Indian refiners have taken a bold stance by refusing to accept Russian crude oil carried on PJSC Sovcomflot tankers, citing stringent US sanctions.

This decision marks a significant shift in India’s energy strategy and underscores the profound impact of global politics on the oil trade.

The move comes in the wake of heightened scrutiny on Sovcomflot tankers following sanctions imposed by the US Treasury’s Office of Foreign Assets Control.

Designating Sovcomflot and identifying specific crude oil tankers, the US has intensified its efforts to clamp down on entities linked to Russia, particularly in the aftermath of the Ukraine invasion.

Indian Oil Corp., Bharat Petroleum Corp., Hindustan Petroleum Corp., Mangalore Refinery & Petrochemicals Ltd., and Nayara Energy Ltd. have all halted the acceptance of cargoes carried on Sovcomflot vessels.

This unified action underscores the severity of the situation, with refiners diligently scrutinizing tanker ownership to ensure compliance with sanctions.

The repercussions of this decision are reverberating throughout the oil market, leading to disruptions in the supply chain and altering trade dynamics.

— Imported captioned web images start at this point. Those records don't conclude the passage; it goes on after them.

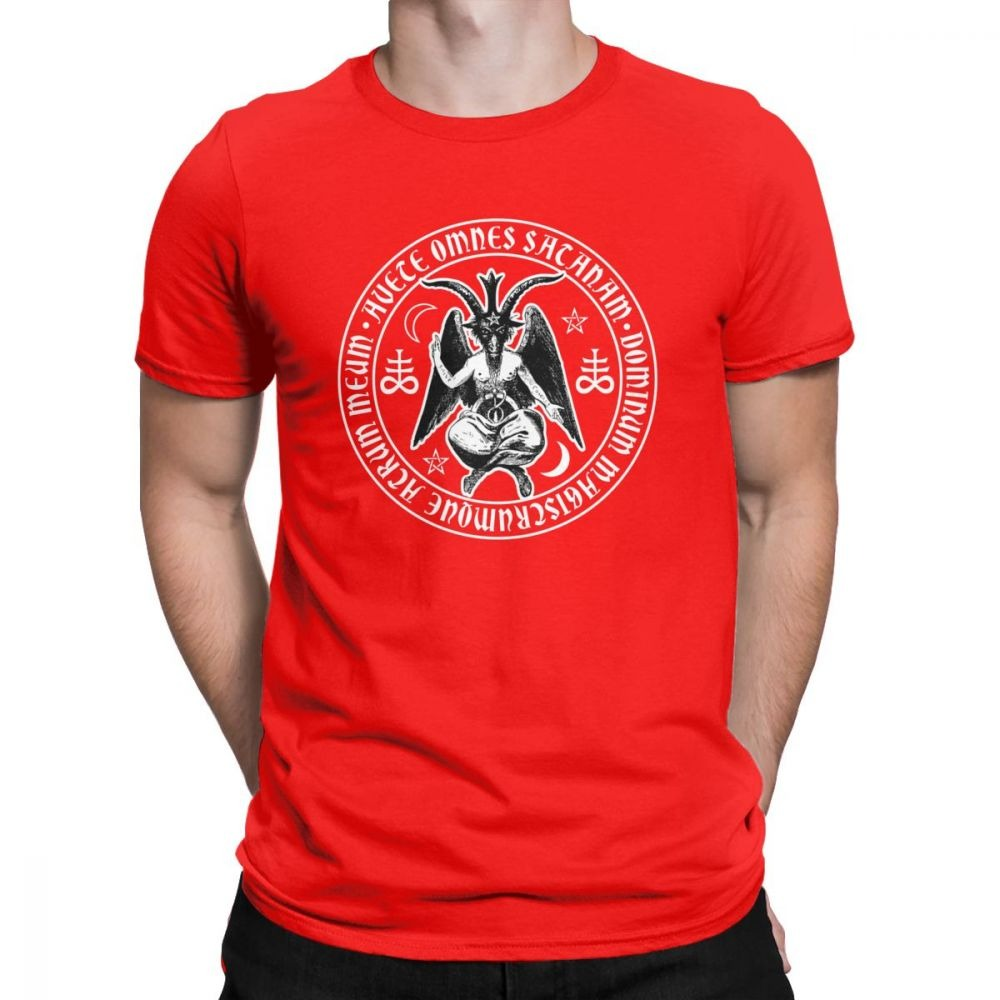 Men's red cotton t-shirt with Satanic Crosses symbol, perfect for rock style enthusiasts at concerts.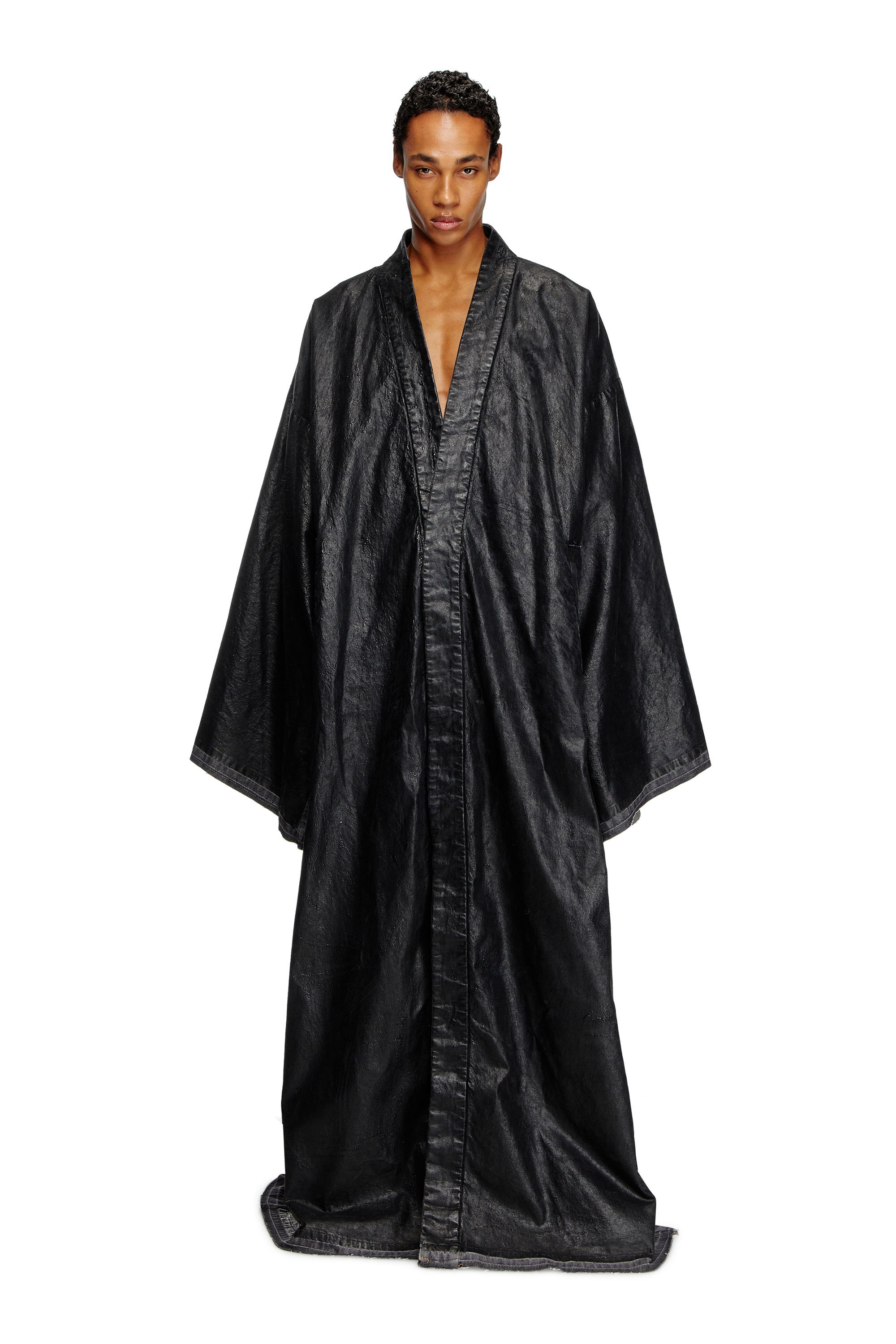 Diesel - D-D-KIM, Cappotto stile kimono con coating Unisex in Nero - 1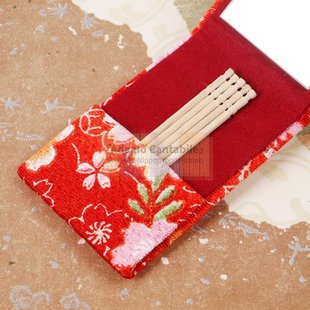 日本京都和服绉绸面料折叠随身便携化妆镜迷你手镜子口红牙签包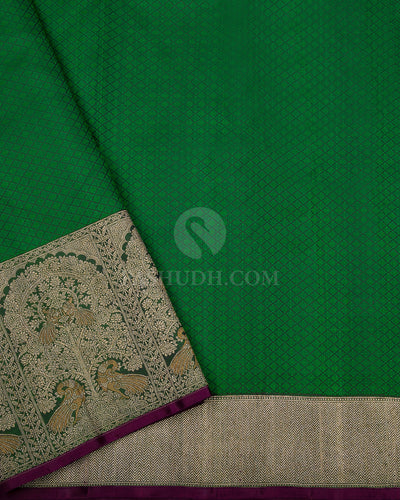 Anandha Blue and Forest Green Kanjivaram Silk Saree - S848 - View 4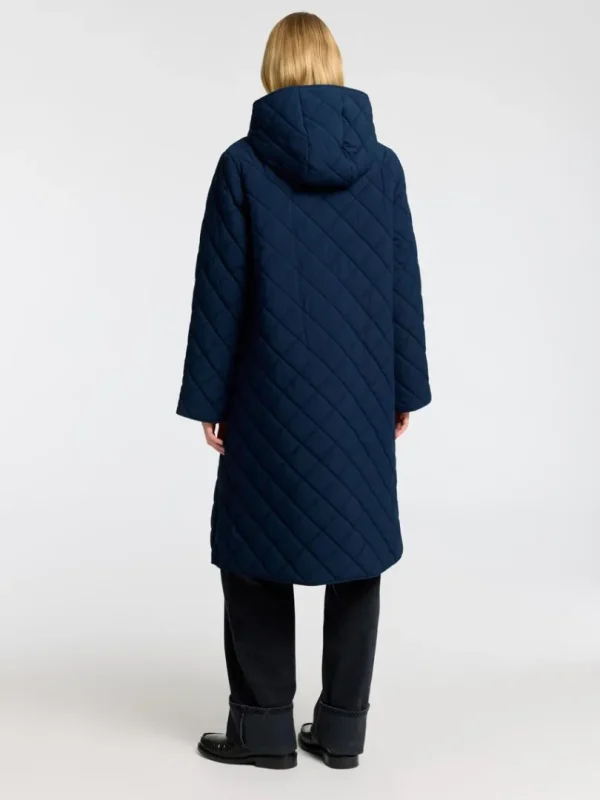 Overtøj>SELECTED LANG QUILTET JAKKE Blue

With fewer tankers available to transport Russian crude, the pricing landscape has undergone a significant shift, with discounts narrowing to compensate for higher freight costs.

Despite the challenges posed by sanctions and supply chain disruptions, India remains a key player in the global oil market.

However, the decision to shun Russian crude on Sovcomflot tankers reflects a strategic recalibration in response to evolving geopolitical realities, underscoring the complex interplay between politics and energy security on the world stage.